The film features Edgerton as Paul, a history teacher turned survivalist living in a post-apocalyptic world with his wife Sarah (Carmen Ejogo) and son Travis (Kelvin Harrison Jr.). The world has been overrun by a mysterious contagious disease, so they’re doing their best to keep to themselves in their house in the woods and to keep from drawing any attention to themselves.

That second part didn’t go so well because one night, they awake to hear someone trying to break into the house. It’s Will (Christopher Abbott), who claims that thought the house had been abandoned and he was just looking for supplies for his wife (Riley Keough) and toddler son Andrew (Griffin Robert Faulkner). Fearing that turning Will away might cause him to come back with reinforcements, Paul decides to go check out his story and then invoke Will and his family to move in with them, pool their resources, and help them defend their property.

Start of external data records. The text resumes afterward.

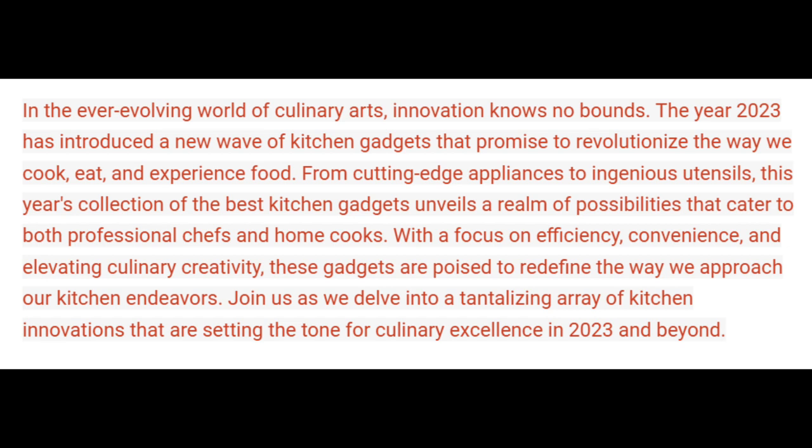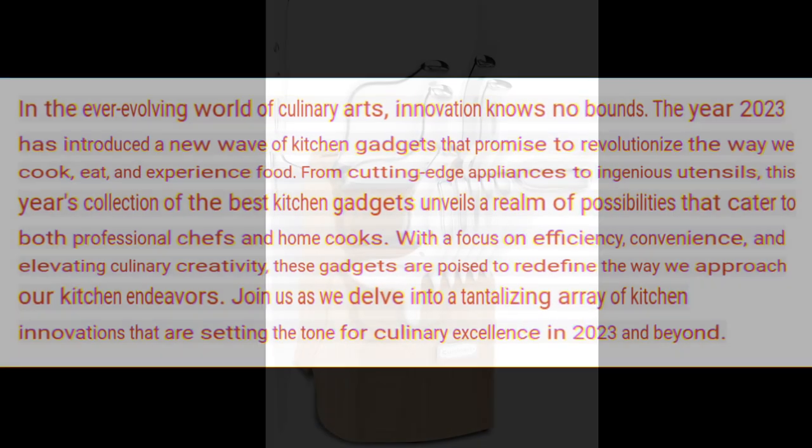With a focus on efficiency, convenience, and elevating culinary creativity, these gadgets are poised to redefine the way we approach our kitchen endeavors. Join us as we delve into a tantalizing array of kitchen innovations that are setting the tone for culinary excellence in 2023 and beyond.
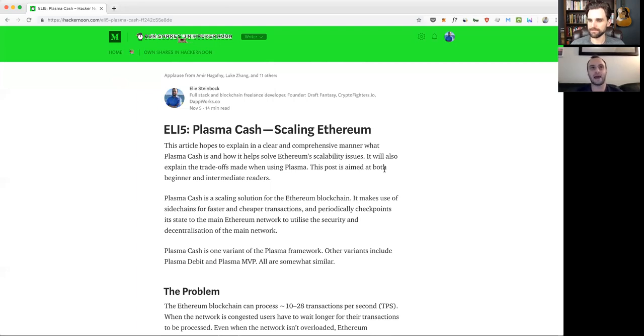Ethereum is somewhat slow and transactions can be expensive. When the network gets really congested — for example when popular games like Crypto Kitties launched — transactions became really expensive and the network basically ground to a halt. If Ethereum becomes even more popular in a year or two, we're going to need a scaling solution that can support multiple Crypto Kitties games and tons of daily payments.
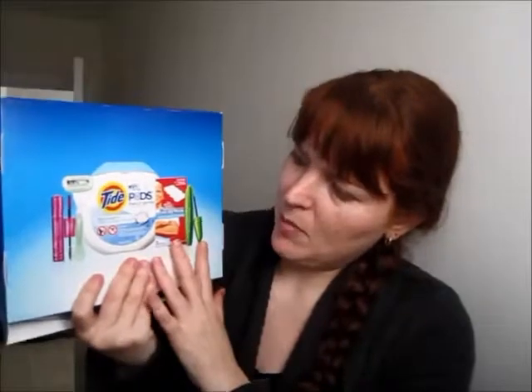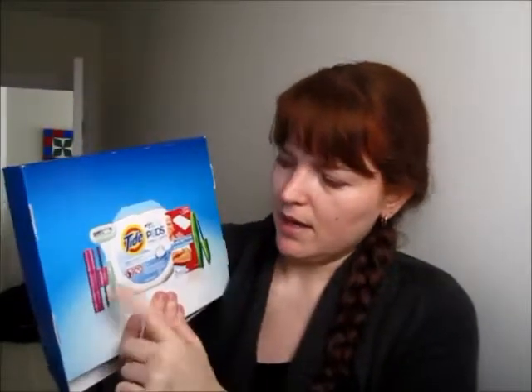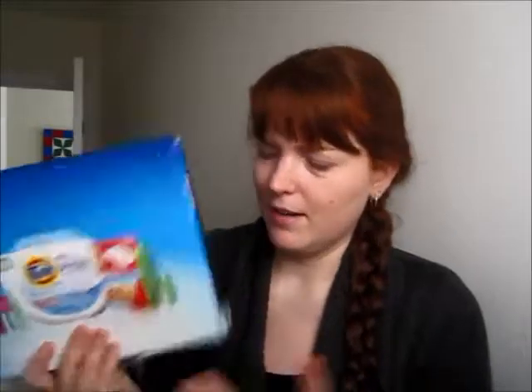The second one is this big box here. I remember when I got it I was so excited because it had like a full-size mascara in there. I think this one's another PNG one too, but it's a huge box.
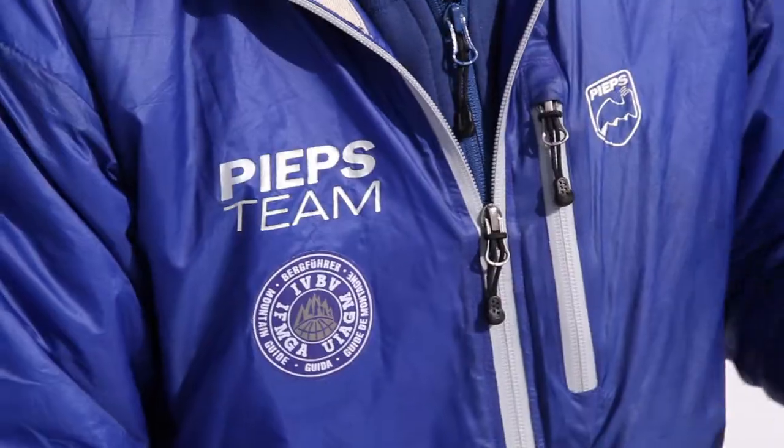Hello there, my name is Michael. I'm a professional mountain guide for 16 years now.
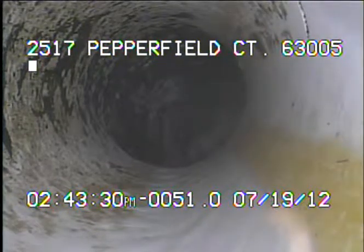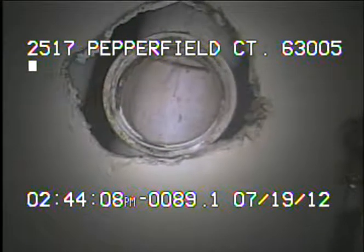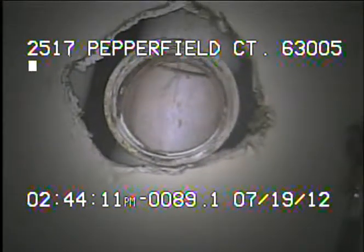Right here we just entered the 4-inch that comes underneath the house. Now back out of the line. This concludes the videotaping of this sewer.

Sadly, there is nothing in this movie that makes me care in any way about any of the characters. It’s very vague, especially at the beginning, which I assume is trying to create mystery or intrigue, but came off as pretentious and off-putting. There are a lot of dream sequences that are probably meant to fool the audience, except that they’re obviously dream sequences and therefore just annoying.

It’s a fairly short movie (only 91 minutes), but so little happens that it feels much longer. And when things do happen, most of the tension that the film wants you to feel comes from the stupidity of the characters, and especially Edgerton’s Paul. He has good instincts and ideas, but his frustrating hesitancy in following through on them is responsible for just about all of the advancement of the plot, and it gets old very quickly.

It feels like It Comes at Night is trying to be a cousin to The Witch (which I refuse to spell with two vees). Knowing that would’ve also helped appropriately set my expectations for the movie, because I hated that movie, too.